Kate Allan

The online diary of Kate Allan, author

Sunday, May 08, 2005

Regency 'fiction'

Maili's observations, and Lady Tess and Emma Gad's responses on that fictional world which is Regency-England-according-to-the-laws-of-historical-romance has got me thinking. But I'm not thinking anything new from when I deliberately set out to write Regency which reflected more what I consider reality, than the costume dramas of many romances.

The reality is in the detail.

I've written two Regency romances which will be published next year by DC Thomson:

In A Notorious Deception, which is set in 1810, I had great fun researching canal transport. Did you know that there were canal passenger packet boats in the days before the railways, for example, the Padddington packet which carried passengers from Uxbridge up the Grand Junction Canal to London? The first part of the story takes place in Brentford, Middlesex. It was really interesting looking into the local history of the town and seeing how it was in Regency times. It was quite a well-to-do place, noted for its good shopping. My brief historical notes are here.

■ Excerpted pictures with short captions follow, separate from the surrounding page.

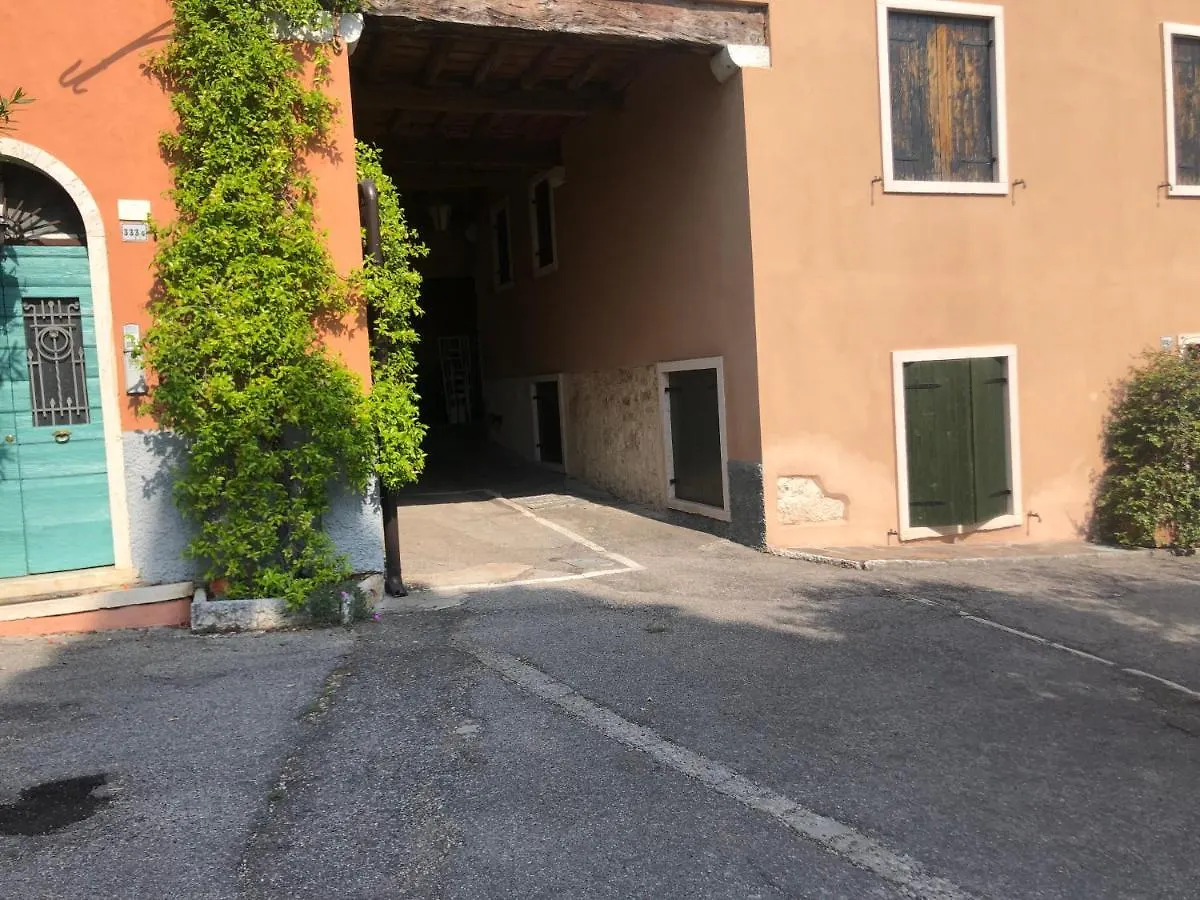 La Casetta Di Alvaro Domegliara Italie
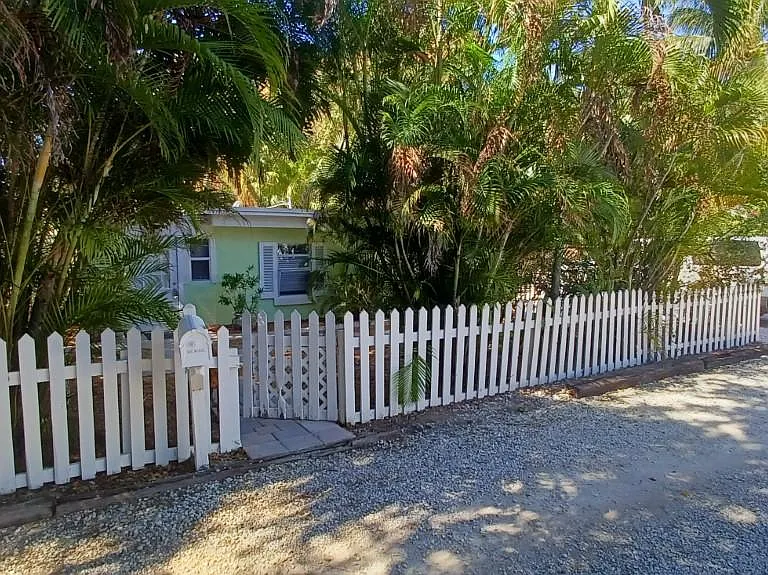 3809 Periwinkle Ln — Photo 4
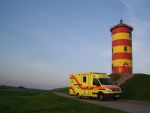 RKSH Rettungswagen und Pilsumer Leuchtturm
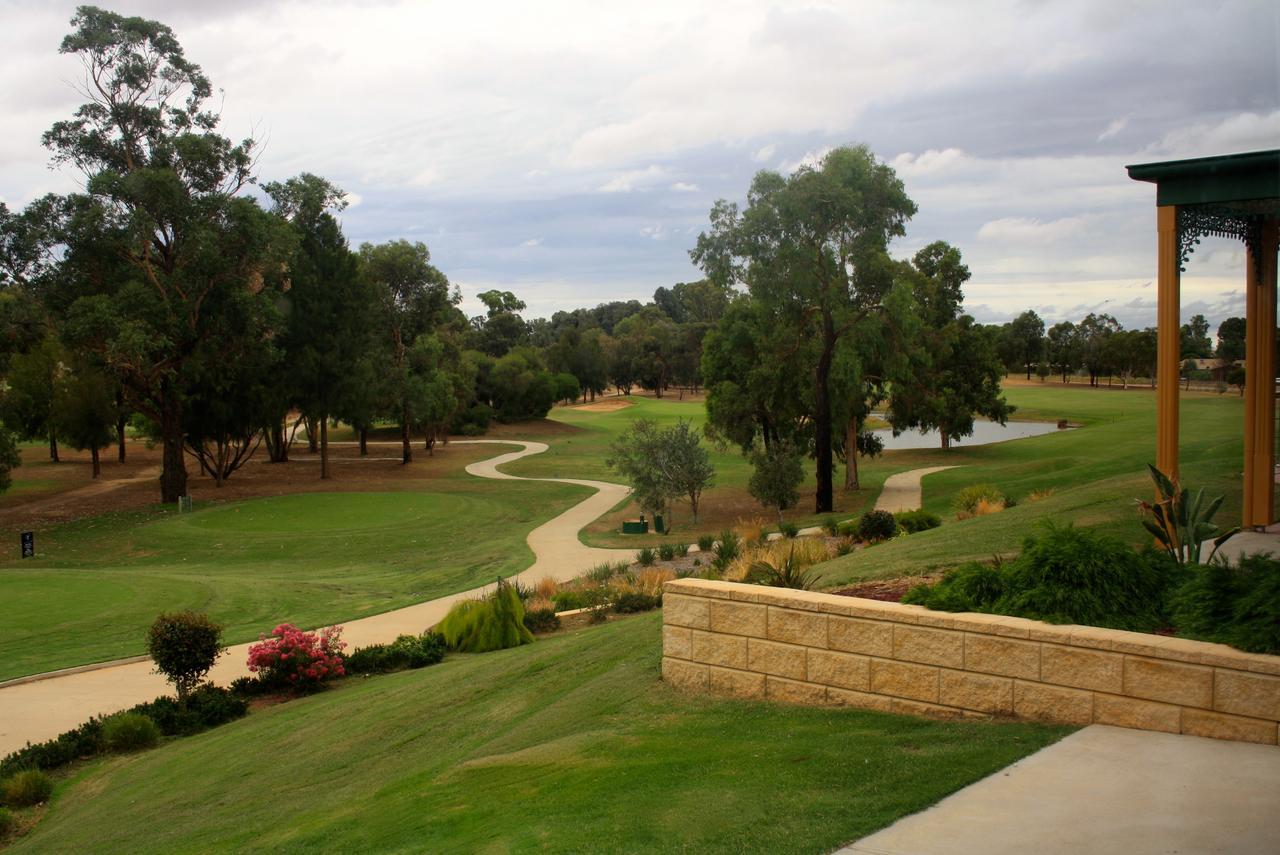 Yarrawonga Mulwala Golf Club Hotel Екстериор снимка The 18th hole at the Vines Resort and Country Club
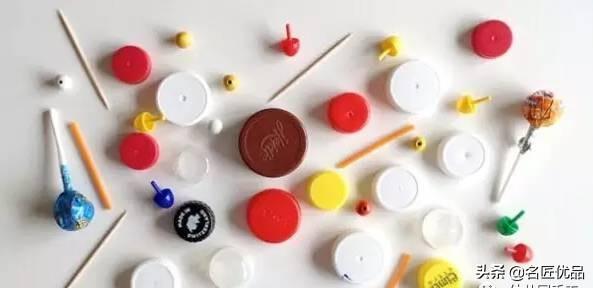 家长们很羡慕，孩子在幼儿园用瓶盖，手工自制玩具，同学们羡慕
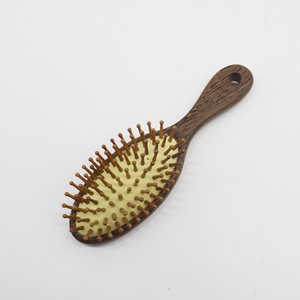 Cepillo de Masaje Antiestático para el Cuero Cabelludo con Cojín de Aire y Madera de Sándalo para el Cuidado del Cabello Femenino - Product Image 1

In Journey to Love, which I was revising earlier this year, the majority of the action takes place on the road from York to London. They pass through, for example, a town called Selby south of York, and I managed to find on the internet a near contemporary gazette of the town, and some pictures of the town and the River Ouse, and it's toll bridge. It's so great to be able to write this into the story:

‘Miss Oakley?’ a low voice was saying.
‘Oh! Oh dear!’ She must have fallen asleep! Bella felt her cheeks go red as she righted herself. Was it lunchtime already? The coach had stopped and they were in a town.
‘The coachman is paying the toll for the bridge,’ Mr Davenport said and smiled. The way he looked at her made her want to blush all the more. ‘We are in Selby.’
Bella stared out of the window, where the breeze coming in was thankfully cool. The horses jolted and walked over the magnificent draw bridge over the river which was bustling with ships and packet boats.

(c) K Allan, 2005

The Lady Soldier is a romance because romance is central to the story, but it's too real and breaks so many 'rules' that no romance publisher was going to be able to fit it into what is published as historical romance.

So it's being marketed as historical fiction. Which it is. There's plenty of action / adventure. It's set in the Army and the characters drink, and swear, and kill people. There is no brushing under the carpet, or using of a rose-tinted view.

I'm glad about this because romance readers will find it a little different from what they are used to, and hopefully a more satisfying read in the end precisely because the saccarine is not there.

I hope.


  • At 4:49 pm, Anonymous Pamela Cleaver said…

    Did you know that CS Forester used that canal boat journey in one of his books when Hornblower had to get to London in double quick time? Horatio helped 'leg' the boat through one of the tunnels.


  • At 3:41 pm, Anonymous Jill said…

    Loved the look into your upcoming books!